All of the data needs to be reproduced with no alterations.
** Opening Raw data block **
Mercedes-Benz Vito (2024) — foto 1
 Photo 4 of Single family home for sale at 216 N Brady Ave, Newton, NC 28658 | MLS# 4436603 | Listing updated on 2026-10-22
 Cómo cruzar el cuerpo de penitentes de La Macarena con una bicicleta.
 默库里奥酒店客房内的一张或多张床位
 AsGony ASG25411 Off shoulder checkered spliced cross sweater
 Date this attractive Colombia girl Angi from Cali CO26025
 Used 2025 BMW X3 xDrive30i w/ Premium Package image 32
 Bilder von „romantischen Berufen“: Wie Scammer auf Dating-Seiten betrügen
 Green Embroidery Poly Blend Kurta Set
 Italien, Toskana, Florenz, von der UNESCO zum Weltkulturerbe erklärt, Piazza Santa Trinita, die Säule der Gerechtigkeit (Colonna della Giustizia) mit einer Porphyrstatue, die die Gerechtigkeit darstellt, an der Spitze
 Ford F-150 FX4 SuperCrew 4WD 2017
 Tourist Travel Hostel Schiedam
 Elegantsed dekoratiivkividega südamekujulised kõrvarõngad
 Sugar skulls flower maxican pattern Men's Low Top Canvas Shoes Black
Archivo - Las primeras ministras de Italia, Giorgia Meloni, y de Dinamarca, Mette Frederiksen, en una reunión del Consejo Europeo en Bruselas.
** Closing Raw data block **
▶ Solution
Mercedes-Benz Vito (2024) — foto 1
 Photo 4 of Single family home for sale at 216 N Brady Ave, Newton, NC 28658 | MLS# 4436603 | Listing updated on 2026-10-22
 Cómo cruzar el cuerpo de penitentes de La Macarena con una bicicleta.
 默库里奥酒店客房内的一张或多张床位
 AsGony ASG25411 Off shoulder checkered spliced cross sweater
 Date this attractive Colombia girl Angi from Cali CO26025
 Used 2025 BMW X3 xDrive30i w/ Premium Package image 32
 Bilder von „romantischen Berufen“: Wie Scammer auf Dating-Seiten betrügen
 Green Embroidery Poly Blend Kurta Set
 Italien, Toskana, Florenz, von der UNESCO zum Weltkulturerbe erklärt, Piazza Santa Trinita, die Säule der Gerechtigkeit (Colonna della Giustizia) mit einer Porphyrstatue, die die Gerechtigkeit darstellt, an der Spitze
 Ford F-150 FX4 SuperCrew 4WD 2017
 Tourist Travel Hostel Schiedam
 Elegantsed dekoratiivkividega südamekujulised kõrvarõngad
 Sugar skulls flower maxican pattern Men's Low Top Canvas Shoes Black
Archivo - Las primeras ministras de Italia, Giorgia Meloni, y de Dinamarca, Mette Frederiksen, en una reunión del Consejo Europeo en Bruselas.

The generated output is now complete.